AutoML Tables in BigQuery ML enables you to automatically build and deploy state-of-the-art machine learning models on structured data much faster (and often more accurately) than you could manually. All you have to do is provide AutoML an input dataset with an identified target (what you are trying to predict) and set of metrics to use for prediction. AutoML does all the heavy lifting that would normally take an analyst days or weeks to do such as:
- preprocesses the data
- performs automatic feature engineering
- model architecture search
- model tuning
- cross validation
- automatic model selection and ensembling
This Looker AutoML Block brings this advanced machine learning capability to the Looker Analyst with a step-by-step workflow to guide you through the model creation and evaluation process. Once a LookML Developer defines an Explore to support a specific use case and dataset, a Looker business analyst can begin building and evaluating models designed for classification or prediction.
AutoML Tables can be used for a variety of solutions. What is the outcome you want to achieve? What kind of data is the target column? The table below illustrates common problems, their ultimate objective and the best model type to use for them:
example use cases | objective | model type |
---|---|---|
Will a customer make a return visit? Will a customer buy a particular product? Is this transaction fraudulent? |
With each of these examples, you are trying to predict a binary outcome (one of two possible outcomes–like yes or no) | binary classification model |
Is this review positive, negative or neutral? Should I buy, sell or hold this stock? Will my new customer's lifetime value be premier, high, medium or low? |
With these, you are trying to predict more than two classes or outcomes. | multi-class classification model |
What should the insurance premium be for this customer? How much sales will this new location generate in the first year? |
In these use cases, the objective is to predict a continuous value. | linear regression model |
This Quick Start Guide will outline how a business analyst can create and evaluate classification and regression models within Looker. An Explore defined with BQML AutoML will include steps to create a model and steps to evaluate a model. We will describe these steps at a high-level and then discuss each step in more detail as we walk through the example Explore AutoML Tables: Census Income Predictions included with the block.
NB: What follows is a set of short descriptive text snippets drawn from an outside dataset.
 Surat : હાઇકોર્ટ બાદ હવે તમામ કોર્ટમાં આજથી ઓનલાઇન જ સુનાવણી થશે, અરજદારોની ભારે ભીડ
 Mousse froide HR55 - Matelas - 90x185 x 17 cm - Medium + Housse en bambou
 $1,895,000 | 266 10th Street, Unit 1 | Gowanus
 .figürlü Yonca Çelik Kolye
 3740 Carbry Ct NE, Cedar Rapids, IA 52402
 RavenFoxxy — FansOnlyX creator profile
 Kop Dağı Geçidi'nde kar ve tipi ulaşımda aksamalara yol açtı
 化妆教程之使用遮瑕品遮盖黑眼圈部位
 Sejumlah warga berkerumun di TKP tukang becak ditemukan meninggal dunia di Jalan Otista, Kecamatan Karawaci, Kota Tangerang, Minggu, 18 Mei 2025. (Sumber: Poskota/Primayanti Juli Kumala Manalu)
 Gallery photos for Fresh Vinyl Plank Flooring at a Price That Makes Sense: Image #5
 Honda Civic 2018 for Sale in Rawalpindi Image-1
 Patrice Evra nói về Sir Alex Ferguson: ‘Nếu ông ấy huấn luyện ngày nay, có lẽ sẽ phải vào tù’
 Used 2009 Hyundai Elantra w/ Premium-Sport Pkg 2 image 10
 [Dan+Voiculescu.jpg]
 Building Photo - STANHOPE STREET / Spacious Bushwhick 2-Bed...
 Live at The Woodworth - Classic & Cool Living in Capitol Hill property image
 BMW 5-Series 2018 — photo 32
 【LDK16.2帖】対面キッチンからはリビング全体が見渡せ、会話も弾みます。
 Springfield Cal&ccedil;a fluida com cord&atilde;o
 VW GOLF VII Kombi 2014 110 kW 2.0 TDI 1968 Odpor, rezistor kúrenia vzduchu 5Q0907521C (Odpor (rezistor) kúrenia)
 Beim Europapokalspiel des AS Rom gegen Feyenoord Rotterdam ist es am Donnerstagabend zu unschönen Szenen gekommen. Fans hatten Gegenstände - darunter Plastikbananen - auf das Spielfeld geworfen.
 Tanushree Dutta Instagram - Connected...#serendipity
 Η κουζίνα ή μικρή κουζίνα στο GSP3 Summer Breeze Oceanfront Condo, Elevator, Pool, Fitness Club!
Note, Models created by AutoML Tables can take hours to run. As noted earlier, AutoML Tables handles many tasks to create a model including pre-processing data, hyper-parameter tuning, and model validation. Since this can take more than an hour to run, you should set up the required parameters for defining the model (name, target, features, etc...) and then use SEND (rather than RUN) to create the model asynchronously via Looker Scheduler. You will receive an email when the model is complete and can return to the Explore to review the results.
To create a model, you must review and make selections from Steps 1 - 5. You may also select from Steps 6 - 8 when creating a model; however, these steps are not required to create the model.
Step | Description |
---|---|
[1] AutoML: Input Data | Data to be used for training a model and/or generating predictions. |
[2] AutoML: Name Your Model | REQUIRED Name of model to be created or evaluated (no spaces allowed). |
[3] AutoML: Select Training Data | REQUIRED to create model Provide target type (numerical or categorical), target (the known outcome you are trying to predict) and features (what fields do you want to use to predict the target outcome). Features available for selection come from the list of dimensions found in Input Data (Step 1). |
[4] AutoML: Set Model Parameters | Set the training budget for AutoML Tables training, specified in hours. Defaults to 1.0 and must be between 1.0 and 72.0. |
[5] AutoML: Create Model via SEND email | REQUIRED to create model To create a model, you must add this dimension to the query and SEND the query results via email (rather than RUN). When a model has successfully completed, you will receive an email with results showing "Complete". |
To evaluate a model which has already been created, you must specify name of the model (Step 2) plus make selections from Steps 6, 7, and/or 8. You may also select from the Input Data (Step 1) for analysis if needed.
Step | Description |
---|---|
[6] AutoML: Evaluation Metrics | Review accuracy of the model predictions. Note, if the model has target type of Categorical, you will review the evaluation metrics shown under the Metrics for Models with Categorical Targets group such as Accuracy, Precision, and Recall. If the model's target type is Numerical, you will review the evaluation metrics shown under Metrics for Models with Numerical Targets such as R Squared (R^2) and Mean Squared Error. |
[7] AutoML: Predictions | Review predicted outcomes based on the model. |
[8] AutoML: Feature Info | See information about the input features used to train a model such as min, max, average for numeric features. |
The proper preparation of the input dataset is critical to the success of any model. The LookML developer who sets up the AutoML Tables Explore will need to prepare a dataset to support supervised learning. Supervised learning is a machine learning approach where datasets with known outcomes (called labels) are used to train the model algorithm to predict outcomes accurately.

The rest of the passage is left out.